- _What the task asks_:
Each entry below should be returned exactly as is, with the pictures removed.

[The data Boundary: Start]

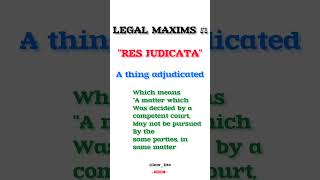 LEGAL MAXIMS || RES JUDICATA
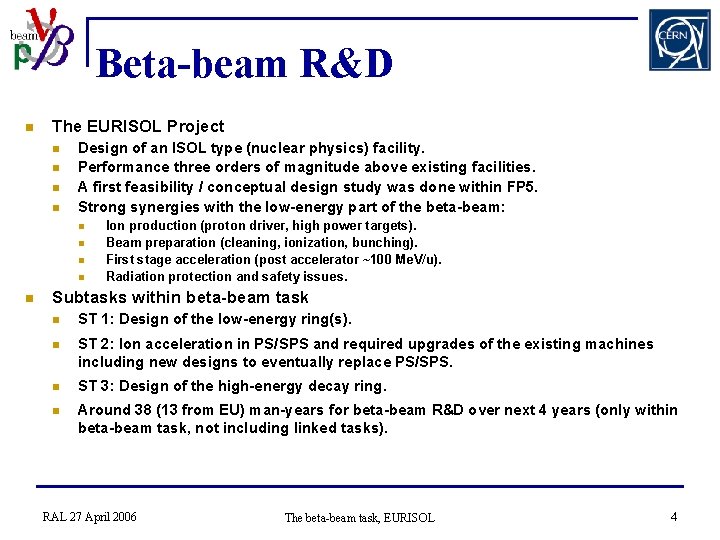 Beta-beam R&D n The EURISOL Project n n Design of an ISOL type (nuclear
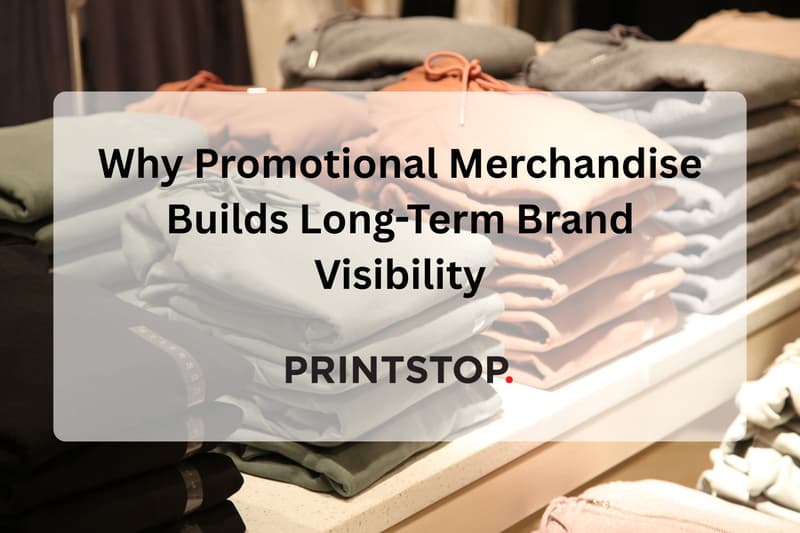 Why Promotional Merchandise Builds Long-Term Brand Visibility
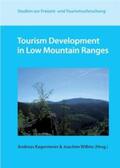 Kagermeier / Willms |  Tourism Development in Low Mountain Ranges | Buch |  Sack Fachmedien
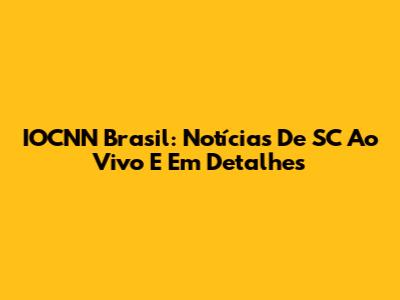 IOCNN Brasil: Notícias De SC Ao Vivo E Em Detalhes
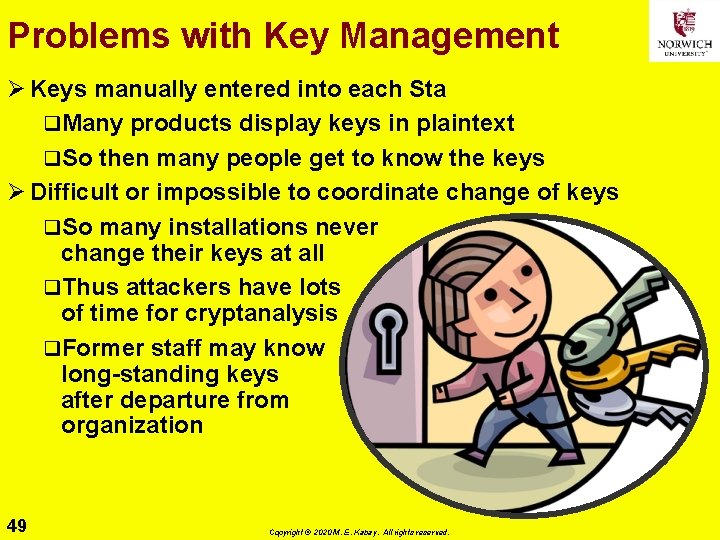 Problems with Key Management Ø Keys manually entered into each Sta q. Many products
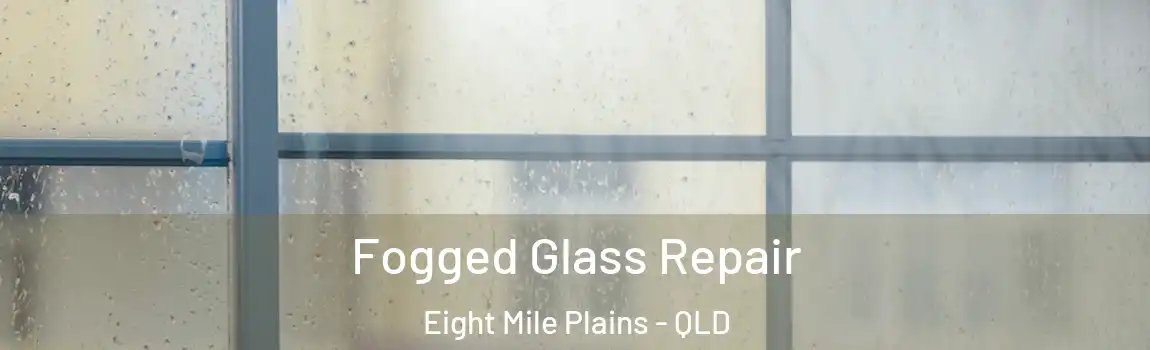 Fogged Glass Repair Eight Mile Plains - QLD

[The data Boundary: End]

- _Output of the task_:
 LEGAL MAXIMS || RES JUDICATA
 Beta-beam R&D n The EURISOL Project n n Design of an ISOL type (nuclear
 Why Promotional Merchandise Builds Long-Term Brand Visibility
 Kagermeier / Willms |  Tourism Development in Low Mountain Ranges | Buch |  Sack Fachmedien
 IOCNN Brasil: Notícias De SC Ao Vivo E Em Detalhes
 Problems with Key Management Ø Keys manually entered into each Sta q. Many products
 Fogged Glass Repair Eight Mile Plains - QLD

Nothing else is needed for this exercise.